Beijing’s use of English-language inauthentic social media accounts demonstrates its desire to manipulate the flow of information outside its borders, argued Director Laura Rosenberger to the Washington Post.
Using fake social media posts on Twitter and Facebook, China attempted to internationally discredit Hong Kong protestors demanding democratic reforms and government accountability, China Analyst Matt Schrader told WAMU 88.5, Australia’s ABC News and Voice of America.
The takedowns represent the first time Western social media companies have attributed coordinated, inauthentic online activity to Beijing, wrote Head of Policy and Research Jessica Brandt in Axios.
The G-7 summit in France provides an opportunity for member countries to augment their enforcement activities against malign foreign political financing,argued Malign Finance Fellow Josh Rudolph and Adam Kline on ASD’s blog, Interference Matters.
Director Laura Rosenberger will join a panel discussion on the Laws of War in Cyberspace on Wednesday, September 25th at 7 pm at the National Cathedral in Washington to discuss the future of war in cyberspace.

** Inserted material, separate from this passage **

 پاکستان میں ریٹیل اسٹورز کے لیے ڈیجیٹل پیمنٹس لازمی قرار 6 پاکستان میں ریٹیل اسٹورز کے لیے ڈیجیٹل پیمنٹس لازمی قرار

Tickets are available here.
News and Commentary
Twitter, Facebook, Google take down accounts spreading disinformation about Hong Kong protests: Last week, Twitter, Facebook, and Google announced the takedown of inauthentic accounts, pages, channels, and groups targeting the ongoing pro-democracy protests in Hong Kong. Twitter and Facebook reported that the accounts originated in mainland China and were part of a PRC state-backed information operation to influence perceptions of the protests. Recent reporting has revealed that some of the English-language Twitter accounts have been created and previously controlled by Western businesses and students, indicating that they may have been sold or stolen. Head of Policy and Research Jessica Brandt and Research Assistant Brad Hanlon have stressed the need for greater cross platform coordination in countering foreign influence campaigns, specifically by identifying standards for addressing disinformation and inauthentic behavior online. (Twitter, Facebook, Google, Washington Post, BBC, CNN, Lawfare)
Twitter updates its advertising policies on state media: Following its disclosure of the significant Chinese state-backed information operation focused on the situation in Hong Kong, Twitter announced that it would no longer accept advertisements from state-controlled news media entities. Facebook and YouTube have yet to announce policy changes that address ad placements by state-backed organizations, such as those seeking to discredit the protests in Hong Kong or cast doubt on human rights violations connected to China’s mass incarceration of Muslim minorities in Xinjiang. Director Laura Rosenberger has outlined how Russia utilized paid advertising in 2016 to manipulate the information space and urged tech companies to close vulnerabilities that allow authoritarian actors to dictate the conversation online through the use of political ads. (Twitter, The Verge, Gizmodo, Buzzfeed News, ASD)
In other news:
● The bipartisan Cyberspace Solarium Commission will issue recommendations on defending the United States from cyberattacks early next year.
● The Cybersecurity and Infrastructure Agency released its Strategic Intent document that outlines a new collaborative, results-oriented approach to thwarting Chinese threats to the rollout of 5G networks and bolstering election security efforts.
● At least $235 million in ad revenue is generated by running misleading or extremist content on disinformation websites, according to a new study by the Global Disinformation Index.
● President Trump called for Russia to rejoin the G7; President Macron argued that Russia cannot rejoin until the conflict in the Ukraine has been resolved.
● Italy’s Prime Minister resigned over a dispute with his deputy Matteo Salvini, leaving power in the hands of the anti-establishment Five Star Movement.